▸ DATA RECORDS:
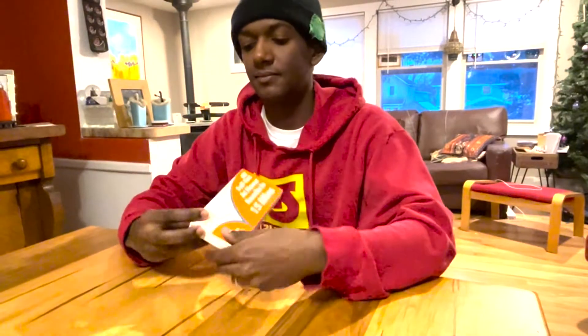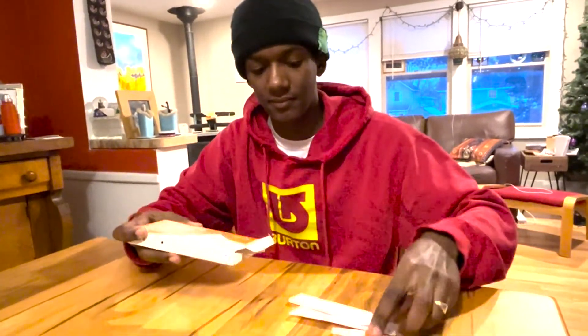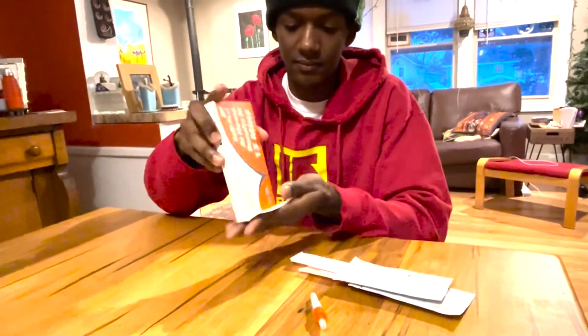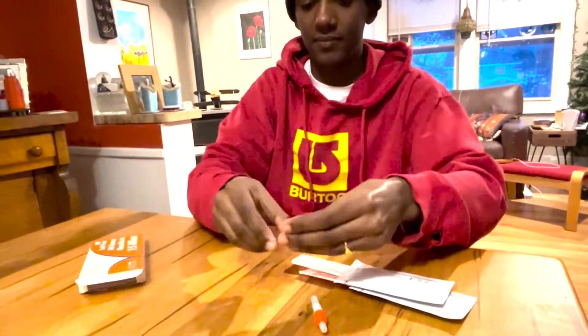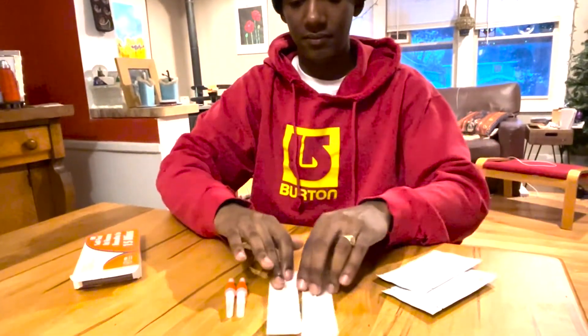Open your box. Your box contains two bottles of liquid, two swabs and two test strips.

---

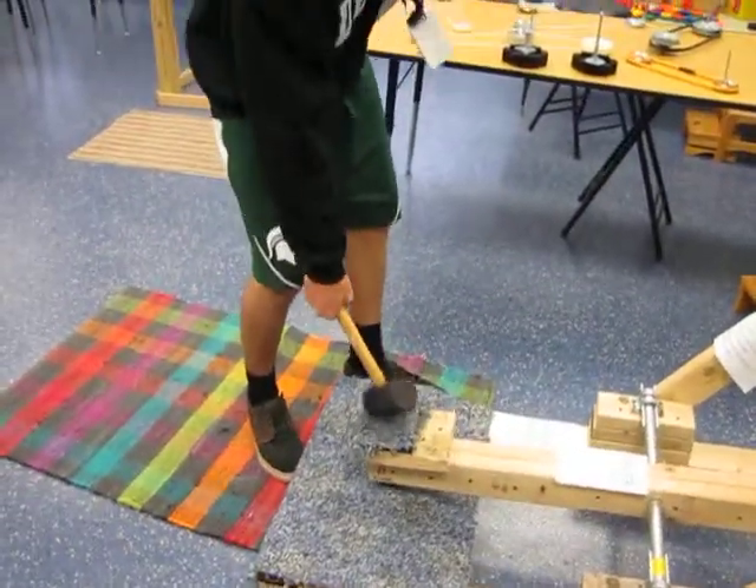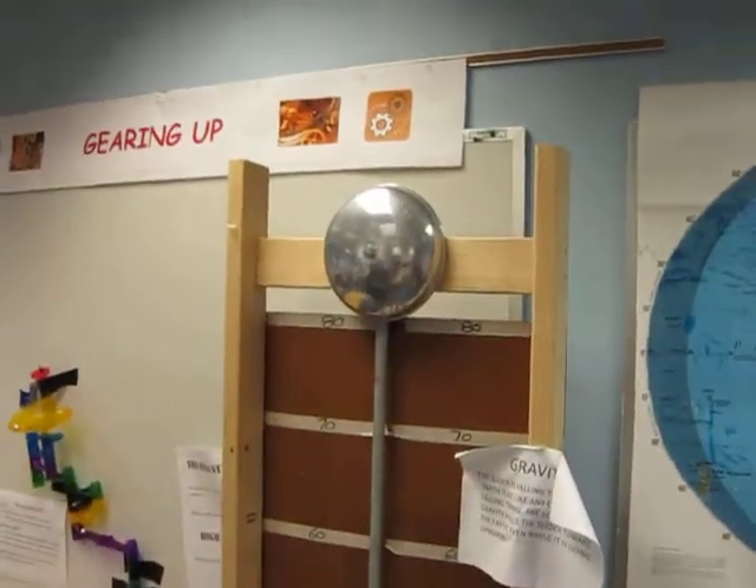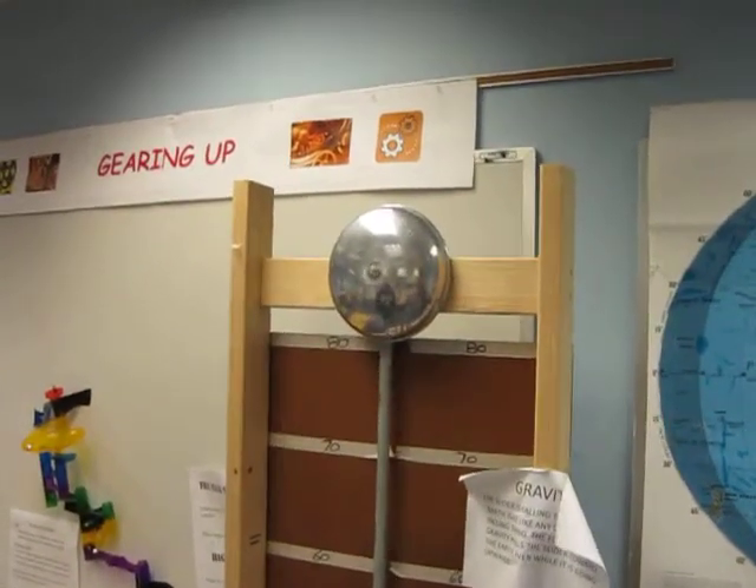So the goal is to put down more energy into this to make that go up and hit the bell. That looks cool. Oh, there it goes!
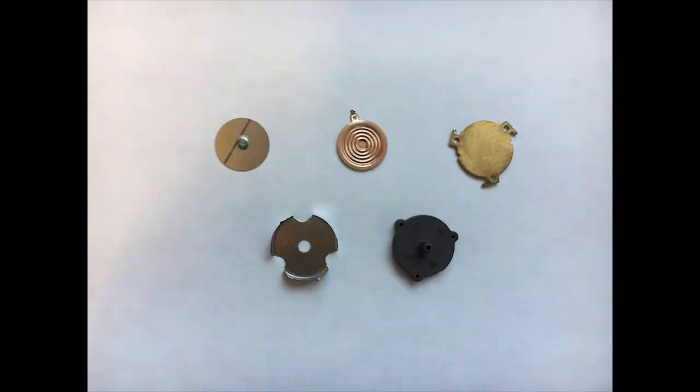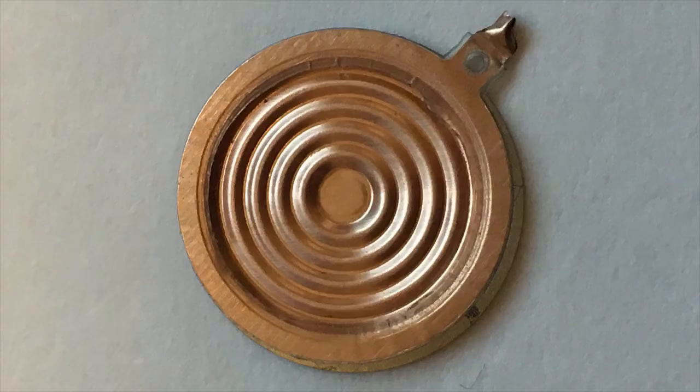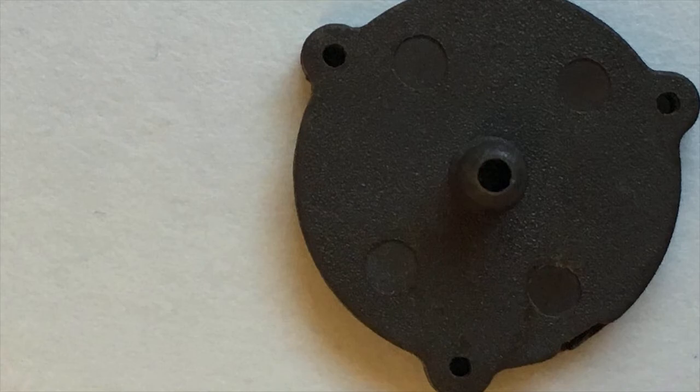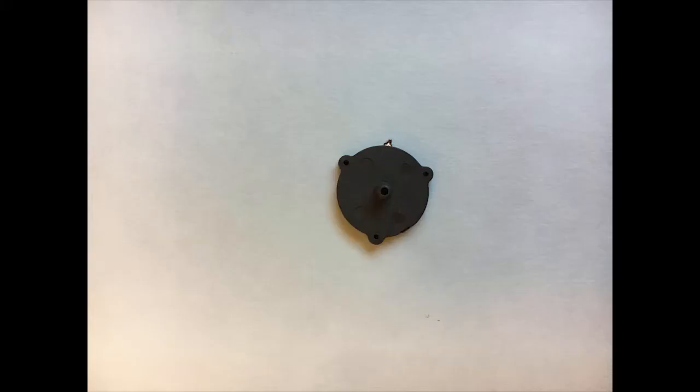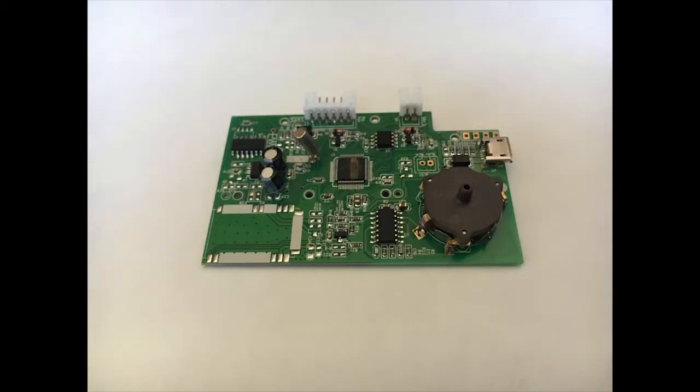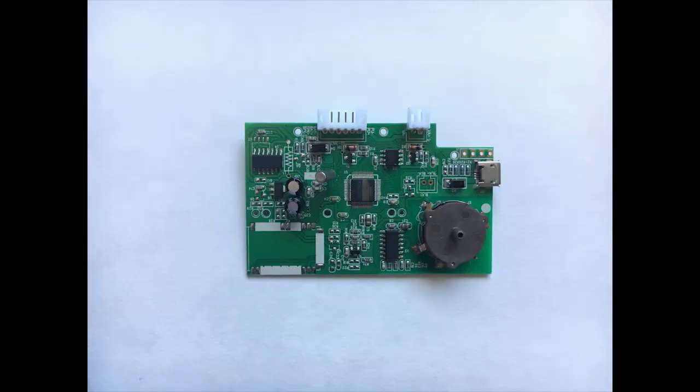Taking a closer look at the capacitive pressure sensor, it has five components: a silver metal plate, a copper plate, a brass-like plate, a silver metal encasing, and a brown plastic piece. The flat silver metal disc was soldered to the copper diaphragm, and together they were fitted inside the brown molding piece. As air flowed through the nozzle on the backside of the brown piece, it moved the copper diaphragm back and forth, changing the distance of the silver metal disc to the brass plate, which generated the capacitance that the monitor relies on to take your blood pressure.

...

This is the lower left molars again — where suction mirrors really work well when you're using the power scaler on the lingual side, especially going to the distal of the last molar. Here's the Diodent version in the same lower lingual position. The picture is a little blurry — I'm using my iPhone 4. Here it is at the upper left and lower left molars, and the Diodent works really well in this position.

▸ EXERCISE AIM: Once the line with "So the goal" has been found above, output that line and every later line exactly, stopping after the line with "Taking a closer", and omit the pictures.

▸ RESULT BELOW:
So the goal is to put down more energy into this to make that go up and hit the bell. That looks cool. Oh, there it goes!
Taking a closer look at the capacitive pressure sensor, it has five components: a silver metal plate, a copper plate, a brass-like plate, a silver metal encasing, and a brown plastic piece. The flat silver metal disc was soldered to the copper diaphragm, and together they were fitted inside the brown molding piece. As air flowed through the nozzle on the backside of the brown piece, it moved the copper diaphragm back and forth, changing the distance of the silver metal disc to the brass plate, which generated the capacitance that the monitor relies on to take your blood pressure.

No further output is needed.